Veo 3 Character Consistency Demo

This application demonstrates a workflow for generating a video of a person in a new scene while maintaining character consistency. It uses a series of Google AI models to analyze input images, generate a new scene with the person, and then create a video from that scene.

How it Works

The application follows a multi-step process to generate the final video:

Image Analysis: The workflow begins by analyzing a directory of input images of a person. It uses a multimodal model to generate a detailed facial profile and a natural language description for each image.
Image Generation: The generated descriptions and a user-provided scene prompt are used to create a detailed prompt for Imagen.
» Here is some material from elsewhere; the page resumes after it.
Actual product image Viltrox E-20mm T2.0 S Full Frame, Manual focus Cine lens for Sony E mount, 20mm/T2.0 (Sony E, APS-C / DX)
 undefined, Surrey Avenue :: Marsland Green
Imagen then generates a set of new images of the person in the desired scene.
Image Selection & Outpainting: The application selects the best image from the generated set by comparing them to the original input images to ensure character likeness. This “best” image is then outpainted to create a wider scene, which is more suitable for video generation.
Video Generation: The outpainted image is used as a reference for Veo. A video prompt is generated using a multimodal model, and then Veo creates an 8-second video based on the outpainted image and the new video prompt.

Models Used

This demo uses the following Google AI models:

Gemini 2.5 Pro: For image analysis, description generation, and video prompt generation.
Imagen: For generating the still images of the character in the new scene.
Veo: For generating the final video.

How to Run

Clone the repository:

git clone https://github.com/GoogleCloudPlatform/vertex-ai-creative-studio.git
cd vertex-ai-creative-studio/experiments/veo3-character-consistency

Set up the Python environment and install dependencies:

python3 -m venv .venv
source .venv/bin/activate
pip install -r requirements.txt

Configure your environment:
- Create a .env file by copying the .env.example file:
  Terminal window
```
cp .env.example .env
```
- Edit the .env file and add your Google Cloud project ID and the desired locations for the AI models.
Add your input images:
- Place your input images of the person in the input/ directory.
Run the application:
Terminal window
```
python main.py
```

Configuration

You can modify the following files to change the application’s behavior:

config.py: This file contains the configuration for the Google Cloud project, model names, and input/output directories.
main.py: You can change the SCENARIO variable in this file to define the scene you want to generate.